The Role of Sialylated Glycans in Human Platelet Endothelial Cell Adhesion Molecule 1 (PECAM-1)-mediated Trans Homophilic Interactions and Endothelial Cell Barrier Function

• Published in: The Journal of biological chemistry Vol. 291; no. 50; pp. 26216 - 26225
• Main Authors: Lertkiatmongkol, Panida, Paddock, Cathy, Newman, Debra K., Zhu, Jieqing, Thomas, Michael J., Newman, Peter J.
• Format: Journal Article
• Language: English
• Published: United States Elsevier Inc 09.12.2016; American Society for Biochemistry and Molecular Biology
• Subjects: adhesion; Amino Acid Substitution; Cell Communication - physiology; Cell Line; endothelial cell; Endothelial Cells - cytology; Endothelial Cells - metabolism; Glycobiology and Extracellular Matrices; glycosylation; Humans; Mutation, Missense; permeability; platelet endothelial cell adhesion molecule (PECAM); Platelet Endothelial Cell Adhesion Molecule-1 - chemistry; Platelet Endothelial Cell Adhesion Molecule-1 - genetics; Platelet Endothelial Cell Adhesion Molecule-1 - metabolism; Polysaccharides - chemistry; Polysaccharides - genetics; Polysaccharides - metabolism; sialic acid; Sialic Acids - chemistry; Sialic Acids - genetics; Sialic Acids - metabolism; Thrombin - chemistry; Thrombin - genetics; Thrombin - metabolism; vascular biology; platelet endothelial cell adhesion molecule (PECAM); sialic acid; endothelial cell; permeability; glycosylation; vascular biology; adhesion
• ISSN: 0021-9258; 1083-351X
• DOI: 10.1074/jbc.M116.756502

Platelet Endothelial Cell Adhesion Molecule 1 (PECAM-1) is a major component of the endothelial cell intercellular junction.

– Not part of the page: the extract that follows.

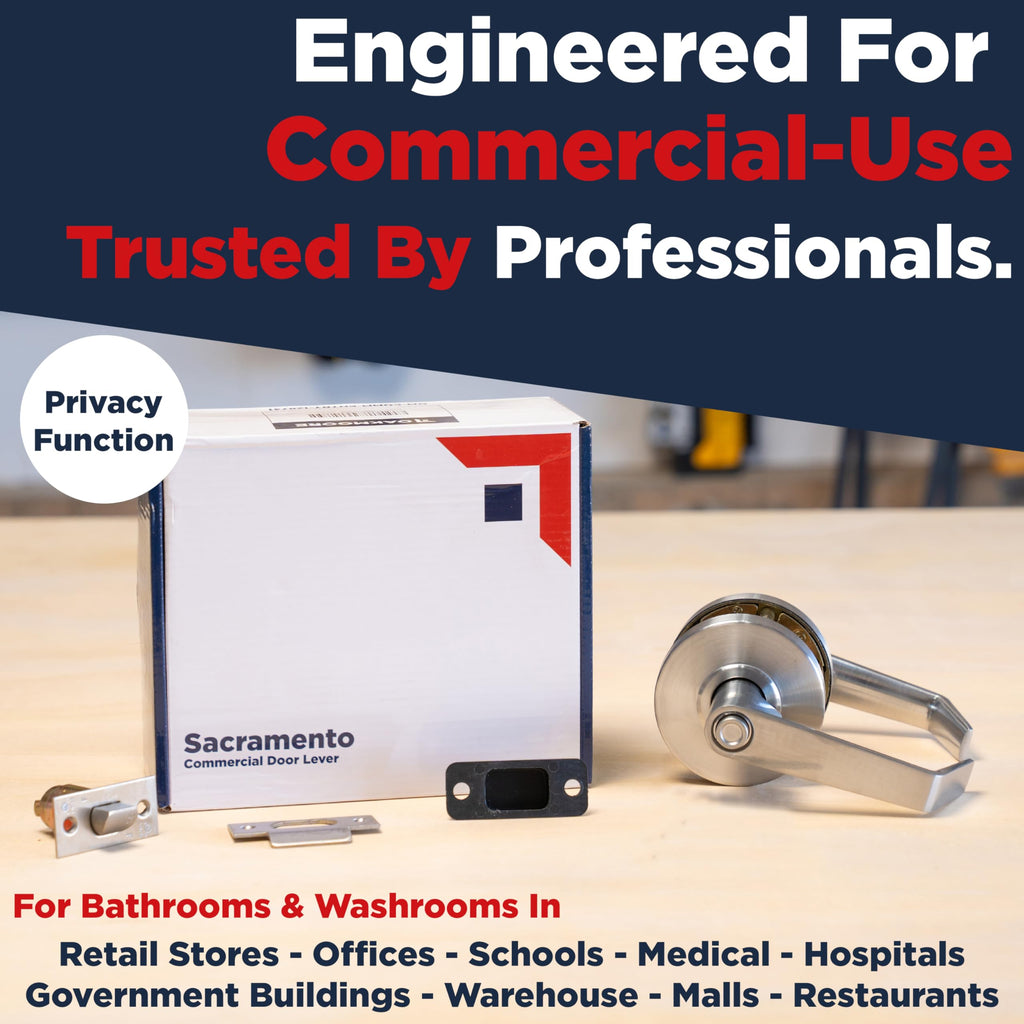 Commercial Bathroom Door Handle with Lock | Privacy Commercial Door Locks | Grade 2 Restroom Door Handle Lever | s &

Previous studies have shown that PECAM-1 homophilic interactions, mediated by amino-terminal immunoglobulin homology domain 1, contribute to maintenance of the vascular permeability barrier and to its re-establishment following inflammatory or thrombotic insult. PECAM-1 glycans account for ∼30% of its molecular mass, and the newly solved crystal structure of human PECAM-1 immunoglobulin homology domain 1 reveals that a glycan emanating from the asparagine residue at position 25 (Asn-25) is located within the trans homophilic-binding interface, suggesting a role for an Asn-25-associated glycan in PECAM-1 homophilic interactions. In support of this possibility, unbiased molecular docking studies revealed that negatively charged α2,3 sialic acid moieties bind tightly to a groove within the PECAM-1 homophilic interface in an orientation that favors the formation of an electrostatic bridge with positively charged Lys-89, mutation of which has been shown previously to disrupt PECAM-1-mediated homophilic binding. To verify the contribution of the Asn-25 glycan to endothelial barrier function, we generated an N25Q mutant form of PECAM-1 that is not glycosylated at this position and examined its ability to contribute to vascular integrity in endothelial cell-like REN cells. Confocal microscopy showed that although N25Q PECAM-1 concentrates normally at cell-cell junctions, the ability of this mutant form of PECAM-1 to support re-establishment of a permeability barrier following disruption with thrombin was significantly compromised. Taken together, these data suggest that a sialic acid-containing glycan emanating from Asn-25 reinforces dynamic endothelial cell-cell interactions by stabilizing the PECAM-1 homophilic binding interface.